— ASSIGNMENT —
Transcribe only the part of the material below that begins at the line containing "22 Leonard Street, South Gladstone QLD 4680" and ends at the line containing "DW Quadro (Analog Watch)", with both kept and images left out.

— SUPPLIED DATA —
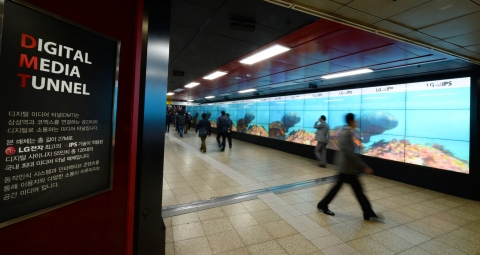 LG전자가 삼성역과 코엑스 연결 통로에 있는 디지털 미디어 터널서 IPS의 우수성을 알리는 영상을 상영하며 IPS 우수성 알리기에 나섰다. 디지털 미디어 터널은 LG IPS 사이니지 126대로 제작된 초대형 광고판이다. 디지털 미디어 터널을 지나가는 시민들이 IPS디스플레이의 선명한 영상을 보고 있다.
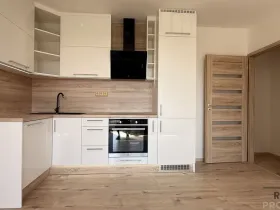 Prodej bytu 2+kk, Havířov, Elišky Krásnohorské, 37 m2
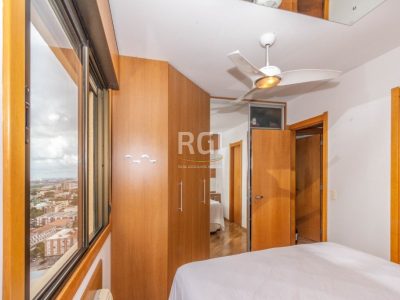 Apartamento à venda com 87m², 3 quartos, 1 suíte, 2 vagas no bairro Passo d'Areia em Porto Alegre - Foto 5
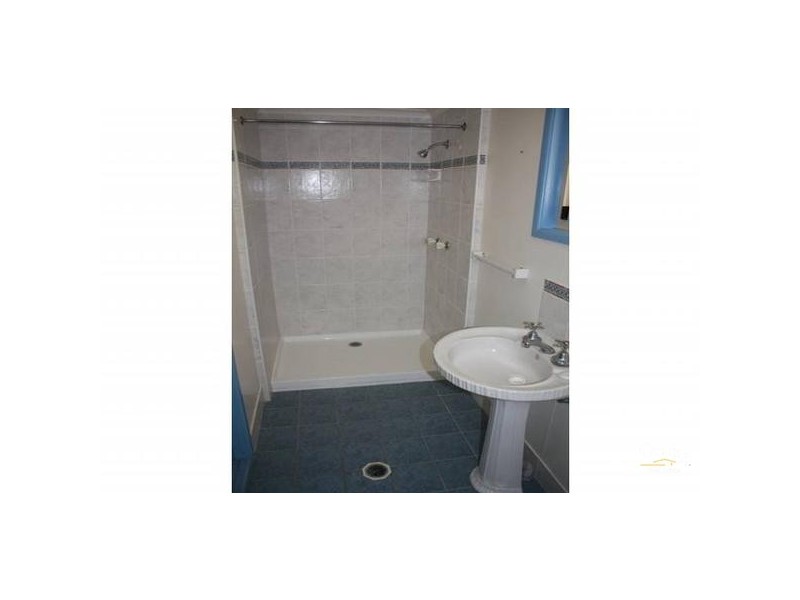 22 Leonard Street, South Gladstone QLD 4680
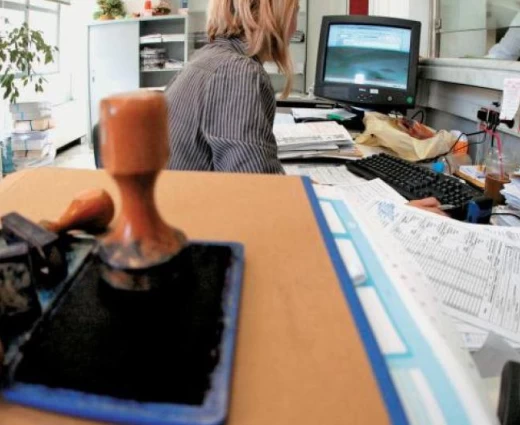 Δημόσιο: Έκκληση να τα βρουν ΥΠΟΙΚ – ΕΔΥ για το χρόνο εφαρμογής του νέου συστήματος προσλήψεων
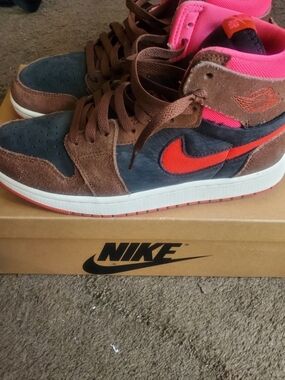 Nike Mid-Top Jordan 1 Sneakers in Brown, Charcoal & Pink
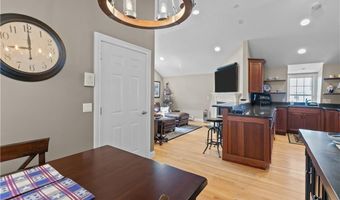 30 Brewer St 3, Newport, RI 02840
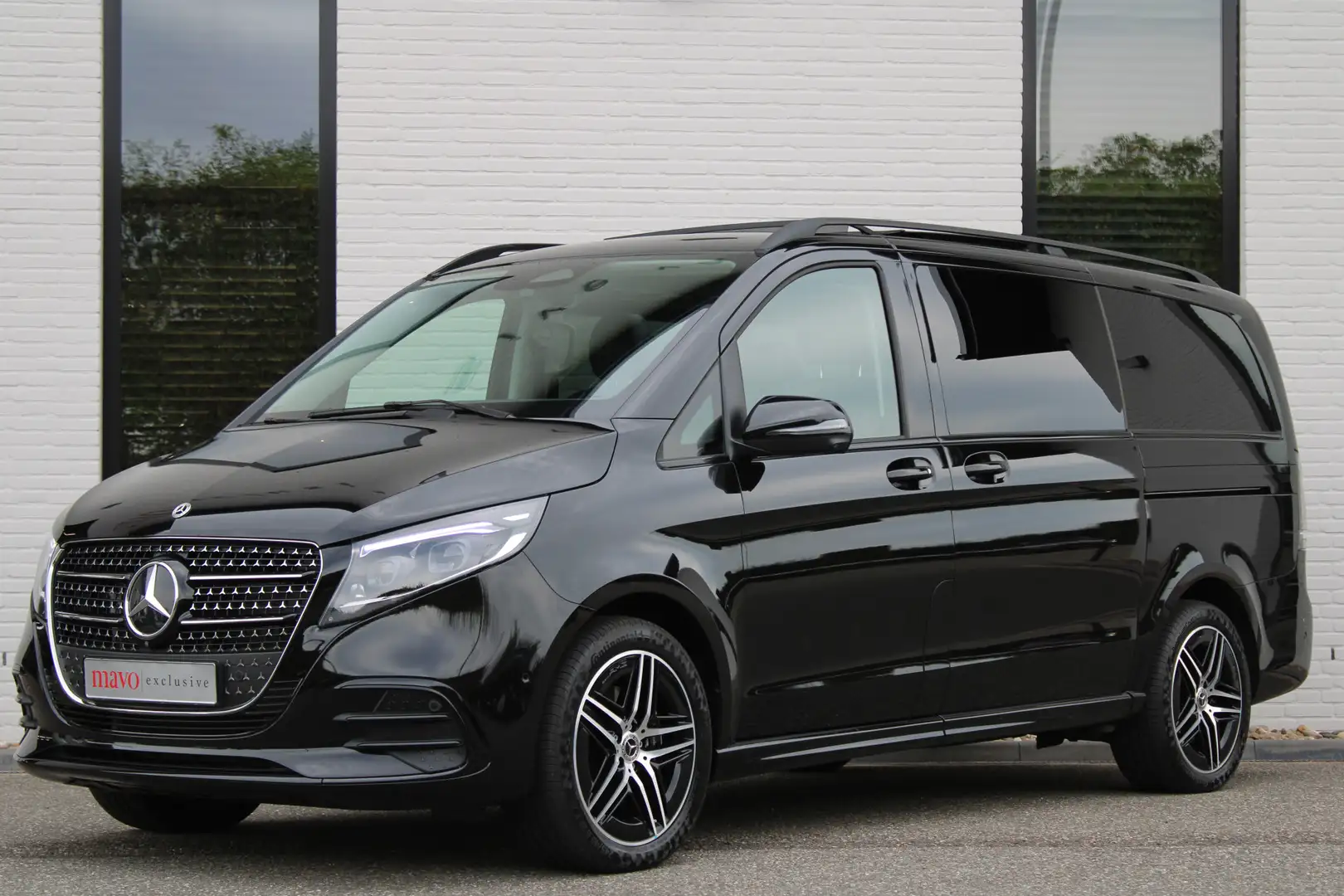 Mercedes-Benz V 300 300d / DC / AMG / Panorama / bj 2025 / 2x Elec Sch Noir - 2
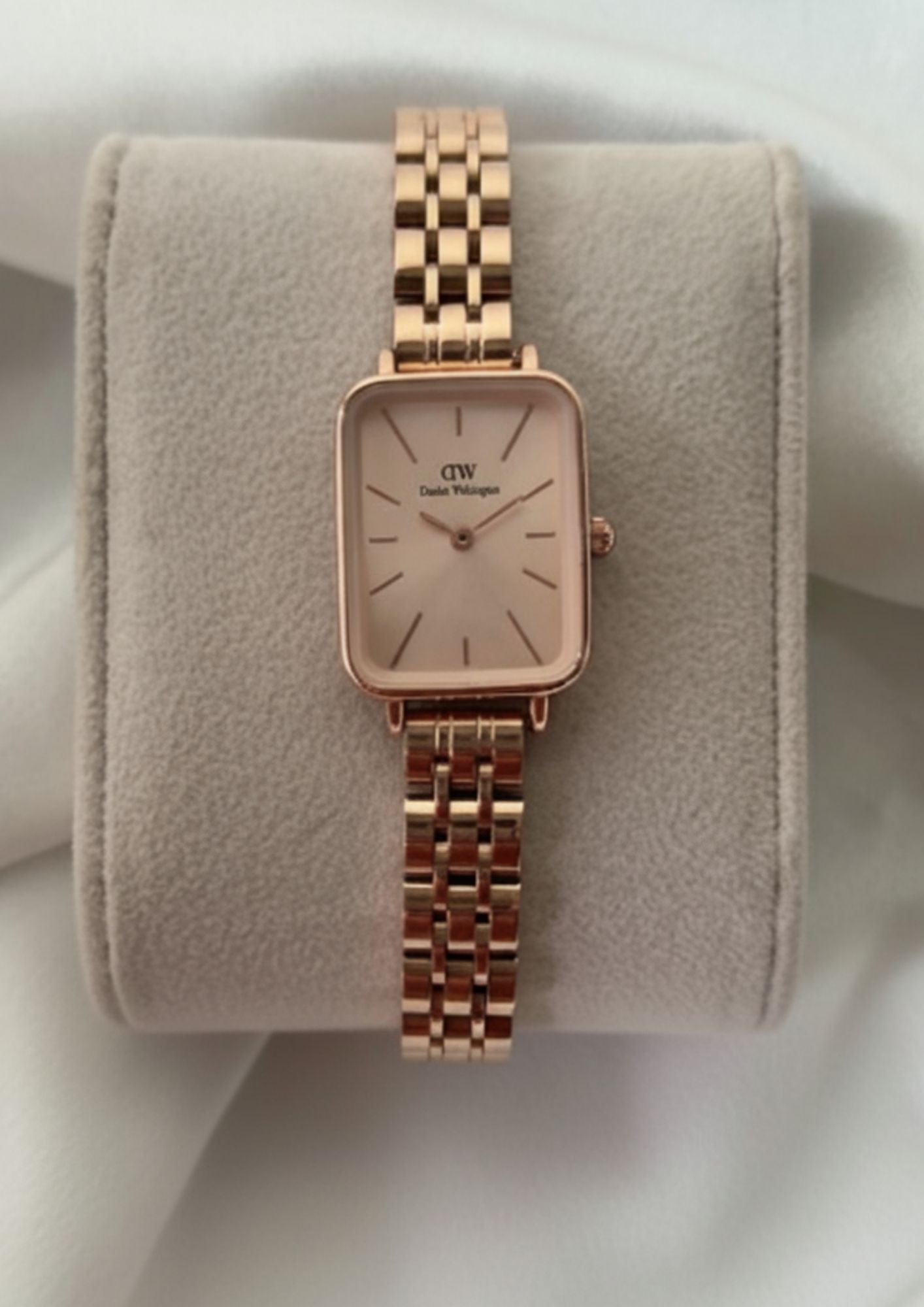 DW Quadro (Analog Watch)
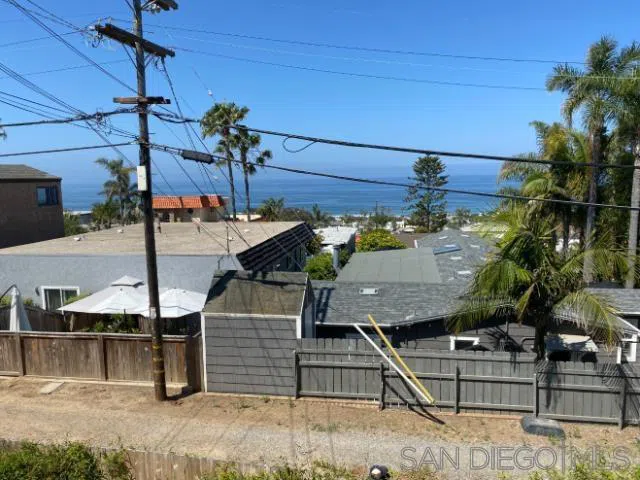 2212 Edinburg Ave, Cardiff by the Sea, CA 92007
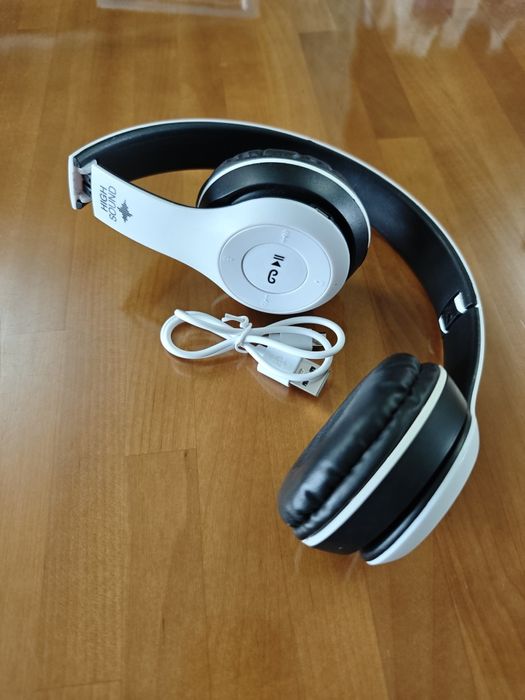 Блютуз наушники. Германия.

— COMPLETED EXERCISE —
 22 Leonard Street, South Gladstone QLD 4680
 Δημόσιο: Έκκληση να τα βρουν ΥΠΟΙΚ – ΕΔΥ για το χρόνο εφαρμογής του νέου συστήματος προσλήψεων
 Nike Mid-Top Jordan 1 Sneakers in Brown, Charcoal & Pink
 30 Brewer St 3, Newport, RI 02840
 Mercedes-Benz V 300 300d / DC / AMG / Panorama / bj 2025 / 2x Elec Sch Noir - 2
 DW Quadro (Analog Watch)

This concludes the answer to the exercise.